Most city officials said budget cuts are fueling such changes. Cities are entering another year of unpredictable state aid and reimbursements, and with small or nonexistent revenue increases due to slow -- or stalled -- development.
"Unfortunately, we're not considered a core service," said Lakeville Parks and Recreation Director Steve Michaud. "Definitely, it will affect the quality of life for those interested in that particular activity. What do you do in the winter in Minnesota?"
Cities that are cutting back say they have tried to ensure that remaining facilities are geographically dispersed -- or concentrated where demand is greatest.
Civic pride meets reality
In Burnsville, the city's 26 skating facilities were a source of pride. "We had kind of an exceptional program when you compare the number of sites we had to our neighbors," said Terry Schultz, Burnsville's director of Parks, Recreation and Natural Resources. "It was nice to be able to have a rink within a half-mile or mile of everybody.
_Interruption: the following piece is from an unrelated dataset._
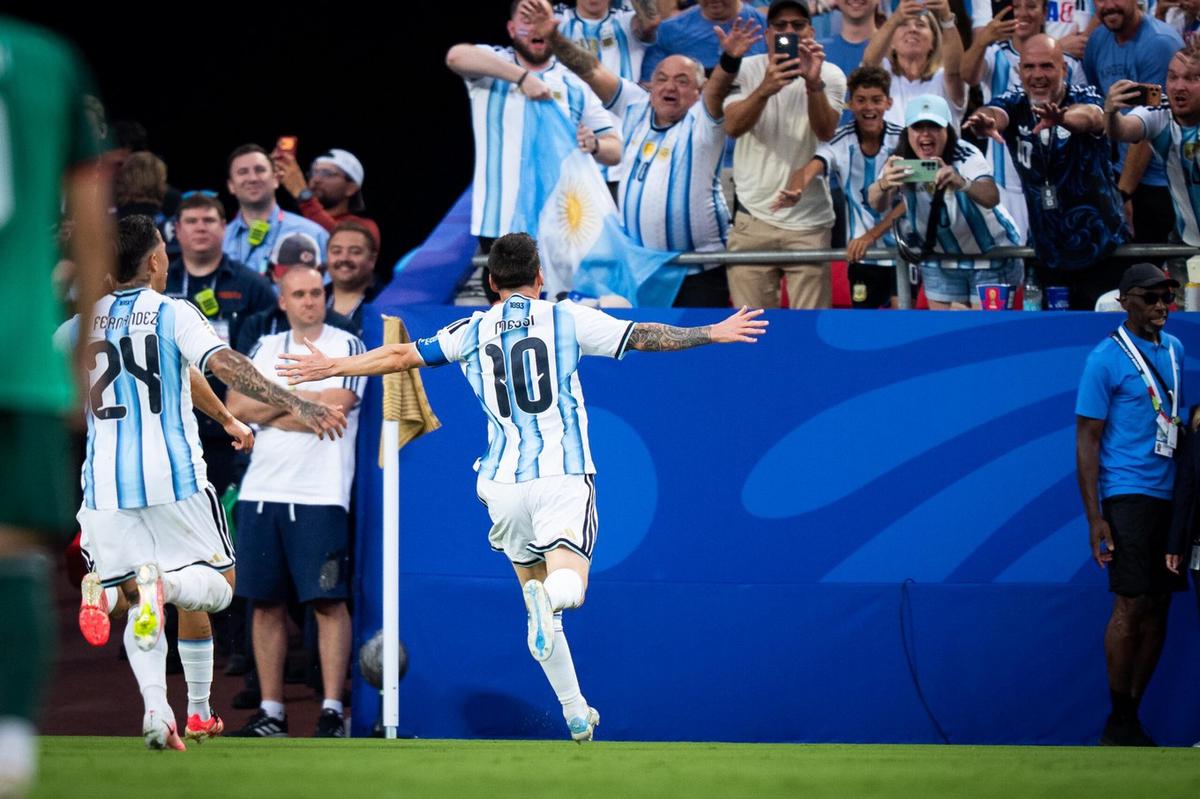 FOTO: El capitán argentino, Lionel Messi, festeja su segundo gol.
Now, we're saying a rink within a mile or two of everybody."
In a year when cities are hunting for ways to cut costs, every expense must be justified. Officials said they tried to focus cuts on the least-used rinks.
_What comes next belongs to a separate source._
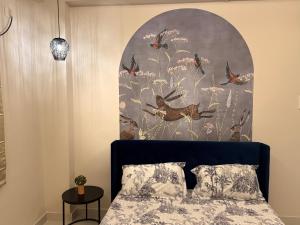 Postel nebo postele na pokoji v ubytování White Teak Suites 3BHK Madhapur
Blaine is closing four neighborhood facilities and figures some won't be missed that much.
"When maintenance comes in to flood and there are no skate marks, that says 'what are we wasting our time for here?' " said Park and Recreation Director Jim Kappelhoff. "We're finding that kids are just not going to the skating rinks any longer in the wintertime. They've become homebound with other activities, such as computers, cell phones and video games."
Beth Lewis, assistant professor of kinesiology at the University of Minnesota, said she wasn't surprised to hear of falling outdoor rink attendance.
"We've had a culture shift in terms of kids doing more organized activities versus just going out and playing in the backyard and going to the local skating rink," she said.
A few indoor rink managers said they have maintained strong organized and free-skate programs. But Michael Sheggeby, president of the Minnesota Ice Arena Managers' Association, hesitated to correlate indoor attendance numbers to a decline in outdoor rink usage.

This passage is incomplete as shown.